Thursday, February 9, 2012

Battle of Roanoke Island – Day 2

After having landed the night before, Burnside's 10,000 Federal troops moved toward the Confederates forts on the morning of February 8th. They encountered the Confederate forces in position along a swampy part of the island. 400 troops held a redoubt with three cannons, with supposedly impenetrable swamps on either side. 1,000 more Confederates were behind them in reserve. For two hours the first Union brigade attempted to break the Confederate position, but all their efforts were useless. The larger Union force could not all be put into position in the restricted area.

When the second brigade arrived its commander suggested an attempt to be made to flank through the impenetrable swamps. This was done with two forces attempting to flank on both sides of the Confederate position. Although uncoordinated, they were both able to march through the swamp to strike the Confederates at the same time. As they appeared, the Union center attacked as well. Under this unexpected attack from three directions, the Confederates broke and ran.

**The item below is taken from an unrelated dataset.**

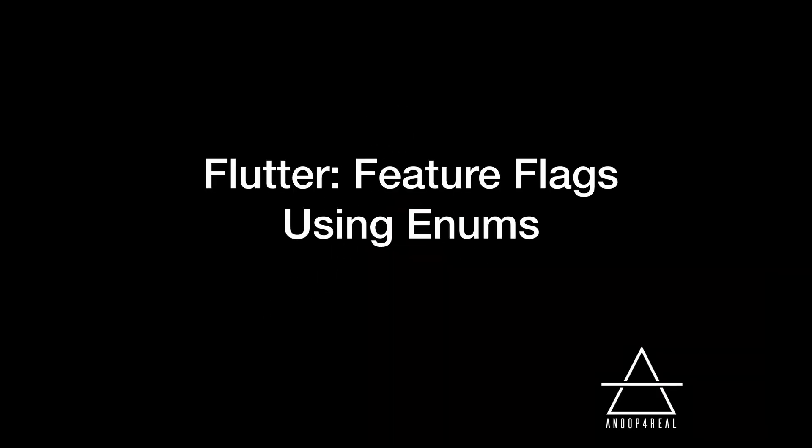Hi guys, welcome back. In this video we're going to talk about creating feature flags in Flutter or Dart when you need to try out new features or toggle between different features in your app.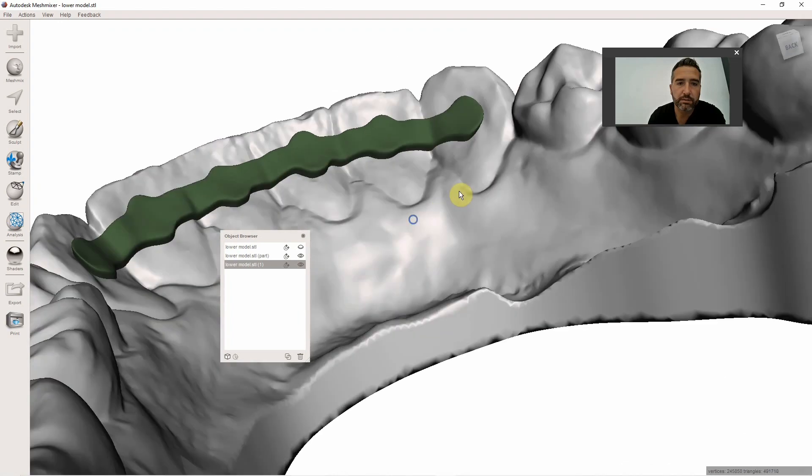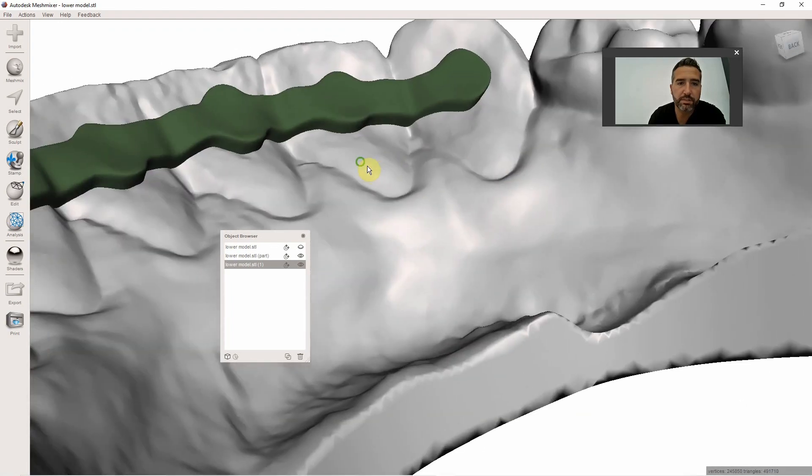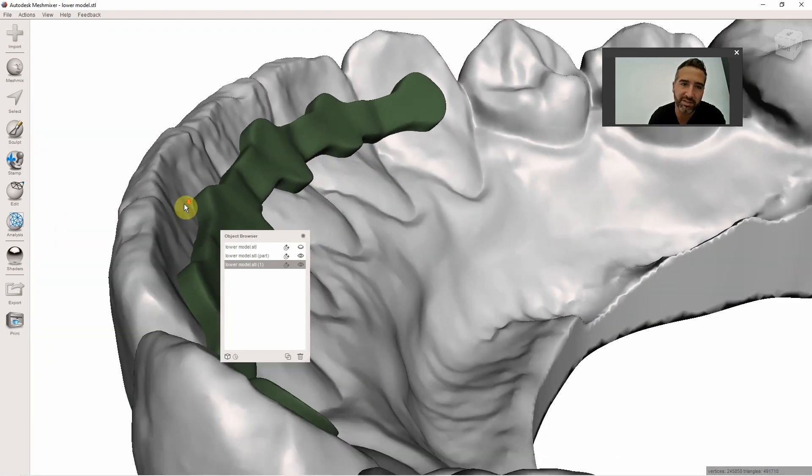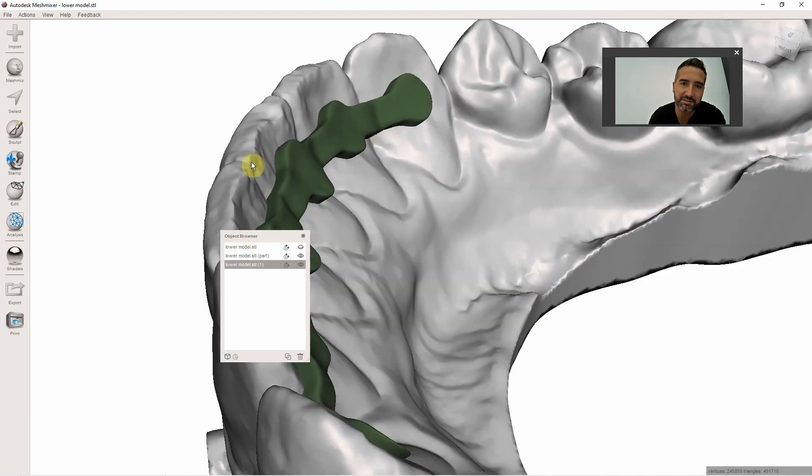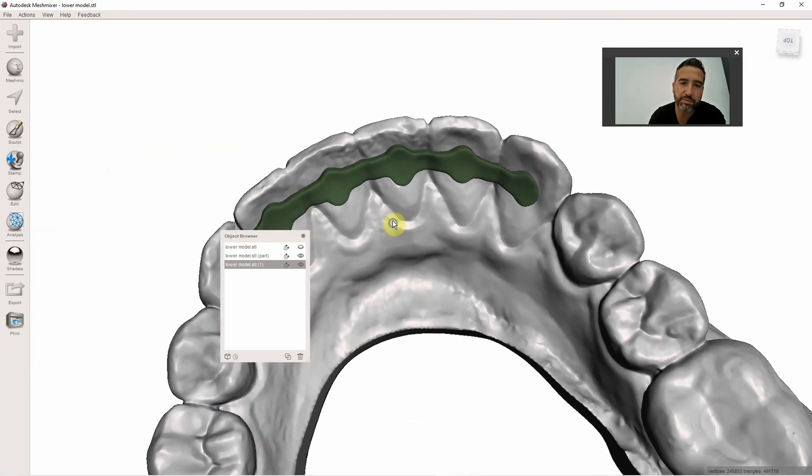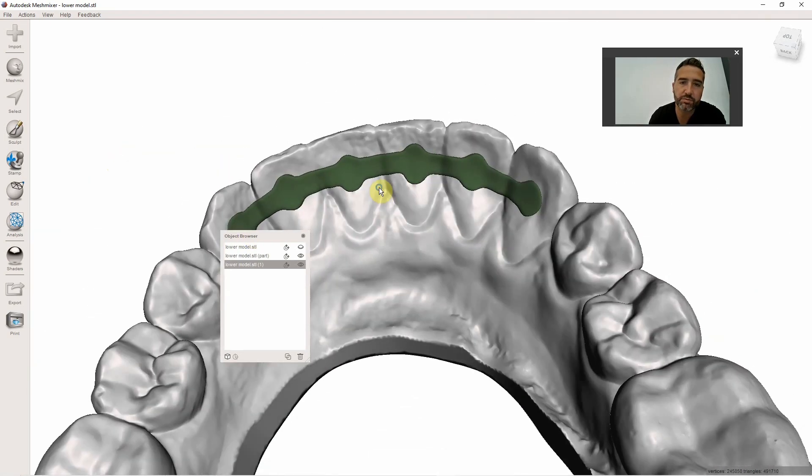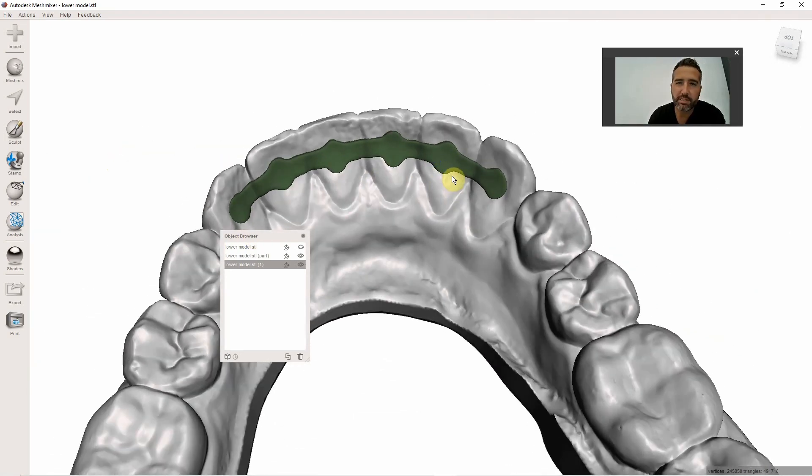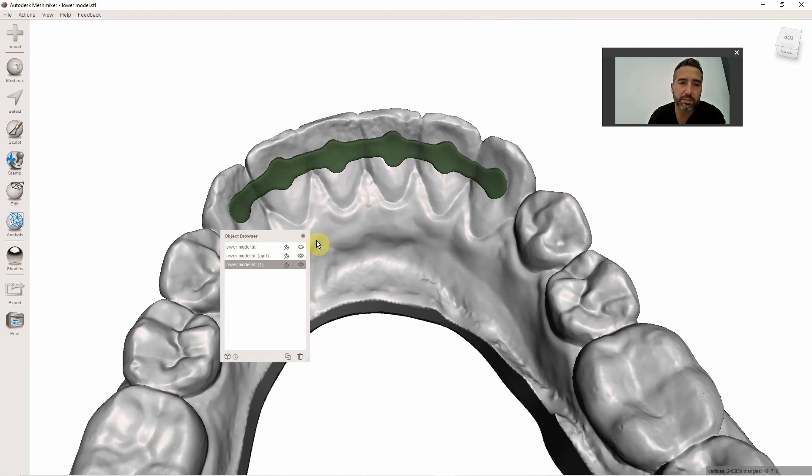And it looks really thick and bulky here, but it is paper thin. These things are super comfortable for the patient. They're smooth, better than a titanium wire in my opinion.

With no further defensive positions and being greatly outnumbered by the Union troops, Colonel Shaw, the Confederate commander decided to surrender. The North had lost 37 killed, 214 wounded and 13 missing, the South 23 killed, 58 wounded and 62 missing. 2,500 men surrendered, along with 40 cannons from the fort. Several regiments of reinforcements had arrived after the battle, but soon enough to be surrendered. The capture of Roanoke Island gave the Federals a location from which to launch attacks on other locations in North Carolina. Colonel Shaw wrote this in his official report:
I cannot close this report without giving expression to the deep grief which I feel on account of the disaster which has befallen us, and at the same time expressing the earnest hope that the Great Being who holds the destinies of nations in the hollow of His hand will soon enable us to retrieve the losses we have sustained.